So Ruben Ostlund Made Another Adam McKay Movie...

     I'll put it in writing right here, right now: I do not like "The Square". It is a two and a half hour film with exactly 2 good sequences (Elisabeth Moss fighting over a condom and Terry Notary being an ape, to be precise) and otherwise filled with satire that is both very obvious and not especially funny. It won the Palme D'or. Surely that should have been that. But no, Ruben Östlund, the primary figure in Swedish cinema on the global stage at this moment in time, somehow snagged a second golden palm for... it would be pithy to call it the same thing, but it's darn close. 

 What we have here is a "high concept" but puddle deep satire of rich people. Ruben Östlund thinks that rich people are kind of lame. He thinks this generally, because nobody should have that much wealth, and he thinks specifically that rich people are fake woke hypocrites. These are the exact same things he thought in 2017 when he won his first top prize at Cannes. What we have lost in a few scenes of specific satire targeted at the insular world of art, we replace with literally one single solitary scene targeted at the insular world of male modeling. Otherwise, "Triangle of Sadness" is (stop me if you've heard this one before) a very long comedy that is mildly but not superlatively funny and which doesn't have an awful lot to say about the world besides the fact that the global ultra rich are just, like, lame people. In fewer words, it's an Adam McKay joint.

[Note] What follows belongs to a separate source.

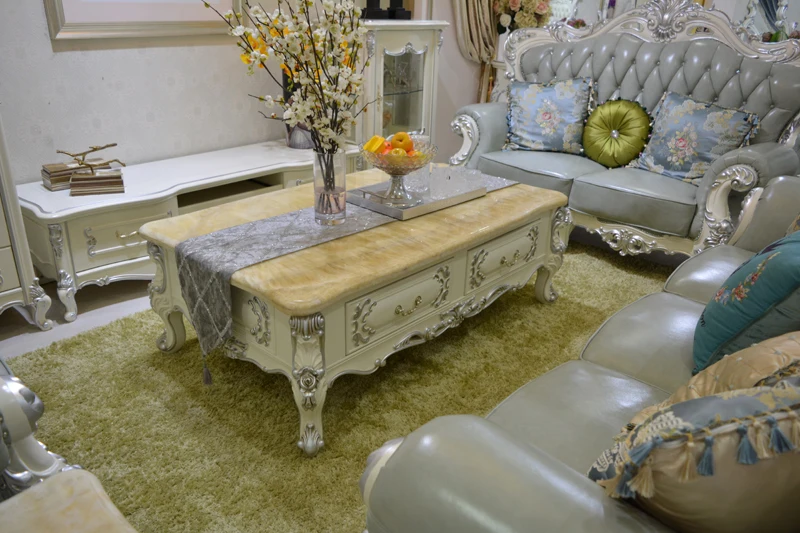 Королевский гостиной диван мебель классический деревянный кожаный диван с гостиной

 The movie is not bad in the way that some AI-generated blockbusters are bad. Its plotting is inspired; its performances are strong; it's sometimes quite funny; it's about something. If that is your bar for a good movie, and your local AMC only plays a handful of those per year, then you'll probably like "Triangle of Sadness" just fine. But at some point in the film's third act, I had to ask myself who exactly this is for. If you're an American and also the type of person to seek out the film because you're familiar with its Swedish auteur, or because it won a prominent French film festival award, I think it's fair to assume that you probably already hold left wing views. If that's true, then what exactly is the value added of a "satire" that tells you things you already know, in a very obvious manner, with maybe enough laughs to sustain 1.5 hours but certainly not enough to hold fort for 2.5? "Vice" and "Don't Look Up" are the only recent comparisons I can think of - movies that in theory are super ambitious, but on the screen are just mildly funny diversions meant to tell the audience things that the audience already believes. None of McKay's films, and none of Östlund's, made me think about the world in a different way. If you fundamentally disagree with the premise here, if you think Östlund's old British couple who manufacture hand grenades are cool people who deserve their riches for making an in-demand product... you're never going to spend 150 minutes of your life watching a Swedish art film whose main selling point is winning a festival award? The most generous selling point "Triangle" has in the states is A- list star Woody Harrelson, a politically-incoherent-ostensibly-leftist celebrity, playing, well, a politically incoherent ostensibly leftist yacht captain, for maybe half an hour of screen time. How much of this is Östlund's fault, I don't know, perhaps that's a fair question. But it's what I focused on in my screening, populated with older people who mostly enjoyed the gross-out sequences and younger hipster types who didn't seem to find it very funny.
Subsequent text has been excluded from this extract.